- [STORED DATA]
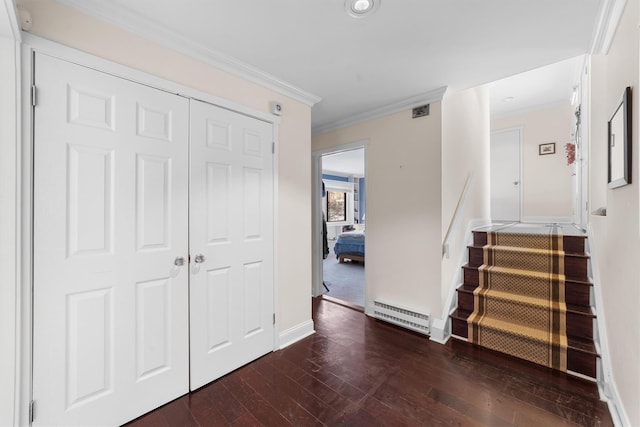 interior space featuring dark wood-type flooring, ornamental molding, and baseboard heating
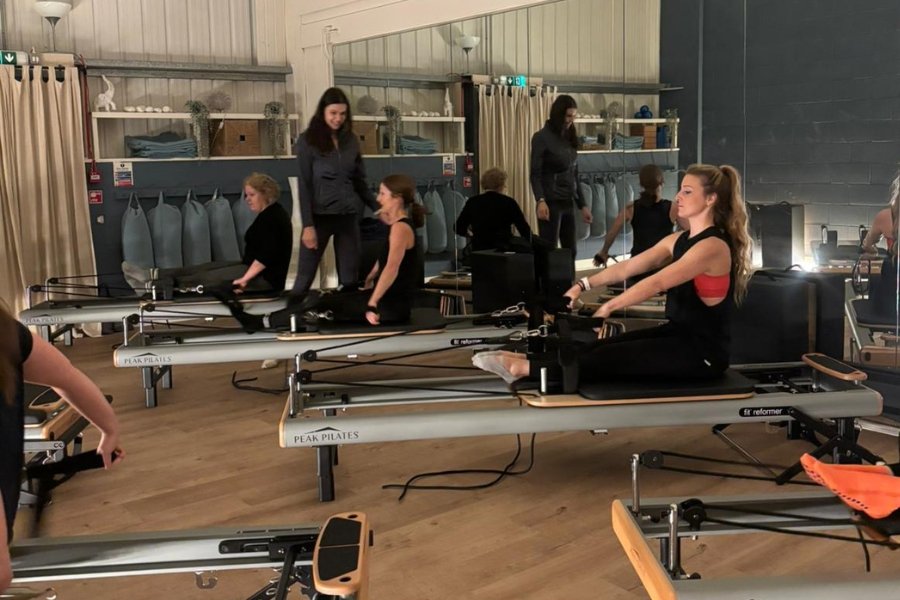 reformer pilates beds with students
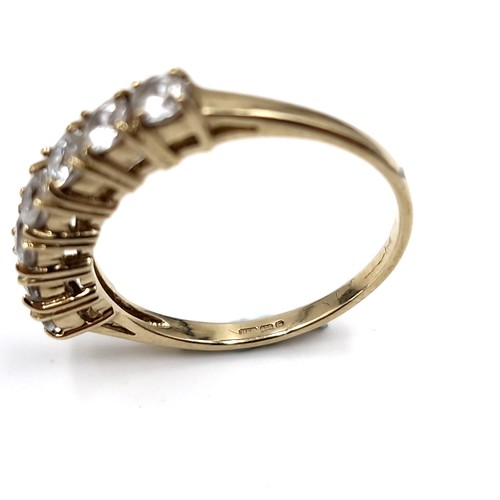 37 - Super Star Lot : A nice example of a nine carat gold seven stone diamond half eternity ring. Est. we... 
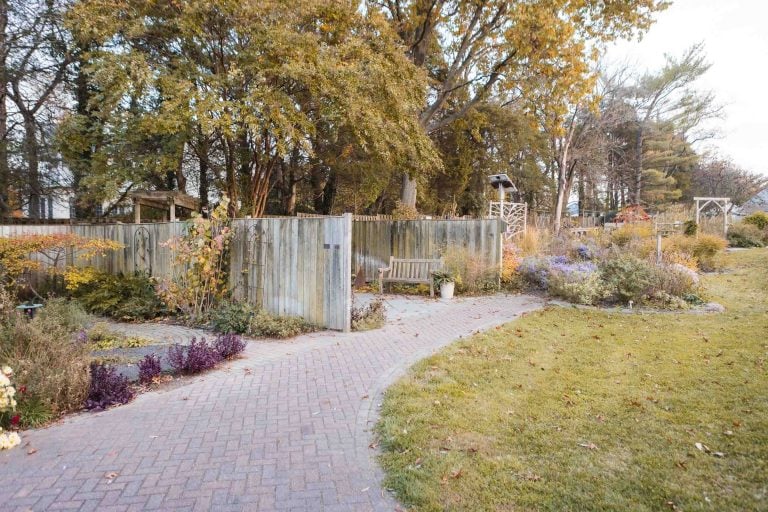 A brick walkway in Green Spring Gardens leads to a wooden fence in Alexandria, Virginia.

- [EXERCISE AIM] Copy the data in full. No pictures belong in the copy.

- [RESPONSE BELOW]
 interior space featuring dark wood-type flooring, ornamental molding, and baseboard heating
 reformer pilates beds with students
 37 - Super Star Lot : A nice example of a nine carat gold seven stone diamond half eternity ring. Est. we... 
 A brick walkway in Green Spring Gardens leads to a wooden fence in Alexandria, Virginia.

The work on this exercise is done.